Data Sharding – Way for SQL Azure (go back »)
March 9 2011, 11:46 AM
“Data Sharding” is a concept of slicing your database into multiple smaller size databases providing faster access to the data. The term “Data Sharding” is coined by google engineers and popularized through their publication.
“Data Sharding” approach is on rise since the birth of SQL Azure due to its inherent size limitation to few gigabytes. Since enterprises requires to store tera bytes and peta bytes of data, it is utmost important to cater to the needs of enterprises even by living with the size limitation of SQL Azure.
Database sharding has multiple advantages. Few of them are listed below:
Ø Increased maintainability
Sharding divides your big database into multiple smaller ones increasing the overall manageability of your databases.
Ø Faster Query response time
Database queries can now be retrieved faster with distribution of database transactions across multiple smaller databases.
Ø Better DB availability
Sharding across multiple databases increases the chances of higher availability than being a single large database.
Ø Increase work throughput
Parallelizing work across multiple shards increases the overall work throughput.
The goal of this white paper is to provide perspective on Data Sharding approach by discussing various data sharding patterns and key practical considerations for successful sharding implementation on SQL Azure.
Let us first understand the need of Data Sharding in general.
Data Sharding is highly proven approach for improving the data access throughput and performance for large enterprise databases.
Over the period of time, enterprise databases grow exponentially. This steep growth of the database results in lowering the application performance exponentially due to increased database transactions.
Database throughput always depends upon CPU usage and memory of the machine. The increase in database transactions and size increases the CPU, disk and memory usage on the machine. This results in decrease of database performance due to increased query time. Adding more cores and memory to the machine can solve the problem to a certain extend. Above one point therefore, there is a need for a sophisticated solution such as “Data Sharding”.
Social networking sites such as Facebook, LinkedIn, Blogger are best suited example for data sharding.
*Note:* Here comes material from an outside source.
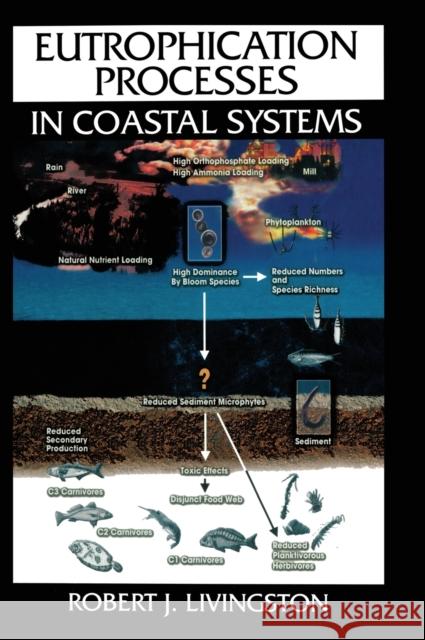 Eutrophication Processes in Coastal Systems: Origin and Succession of Plankton Blooms and Effects on Secondary Production in Gulf Coast Estuaries Livingston, Robert J. 9780849390623 CRC Press - książka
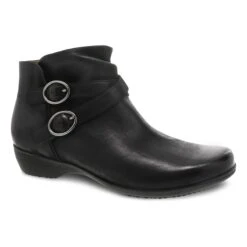 Dansko Faithe Black Burnished Nubuck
Tera bytes and Peta bytes of data is being stored on these sites today. Thousands of database transactions (read/write) gets executed every single second. In such scenario there are two options, viz. beef up your database server vertically so as to support these huge amount of data or shard your database across multiple database servers. The first option is more costlier and has its intrinsic limitations as till what we can beef up the resources vertically. The later provides much better option with low cost and better maintainability.
Thus to have the better performance for mission critical data centric applications, “Data Sharding” provides a better solution.
Figure 1: Data sharding Concept
In Context of SQL Azure, it is also important to note that, the database size is limited to few Gigabytes. In such scenario, it is must to have the enterprise database sliced enough so as to support SQL Azure.
There are multiple patterns of sharding. You need to choose what is suitable and optimized for your scenario. Most commonly use pattern is horizontal slicing of the database.
This strategy is based on slicing the data horizontally in multiple smaller databases based on a particular theme. For example, slicing can be done at demo graphics level so that all the data for a particular demo graphics can be separated in the separate databases. For such approach sharding strategy should be devised to have dynamic retrieval of partition (or shard key) at application level.
The metadata information such as for each of the shard should be stored and retrieved dynamically in the application layer. This can be achieved by storing the shard database information that includes shard database location and corresponding sharded tables’ workset (i.e. record) information.
It is recommended that the relational information for a slice should be in the same database as parent on the same server for easy retrieval. For e.g. slicing on customer table on each of the customer, the information related to individual customer (say orders of the customer) must reside in the same database as the customer in, thus providing easy way to retrieve the information and avoid any cross-linked server calls. Thus, this mandates that the related foreign key tables must also be sharded for ease of the retrieval.
It is always recommended to have copy of static (or master) tables in all shards to avoid any cross db / linked server calls. This will not only reduce the overall complexity of sharding but also will improve the query performance.
Key advantages of this pattern are:
Ø Better control over sharding
Ø More loosely coupled approach
Ø Re-sharding further possible in case of unexpected DB growth provided initial sharding done carefully
Key dis-advantages of this pattern are:
Ø Need careful design otherwise leads to unbalanced load
You can also think of slicing your database vertically at table or column level.
Table level partitioning typically requires separating tables of a particular business feature in a separate shard. While this provides an advantage of cleaner separation, over the period of time it becomes a unmanageable when the DB size increases. So this is mostly suitable for non-static / readonly databases or small databases.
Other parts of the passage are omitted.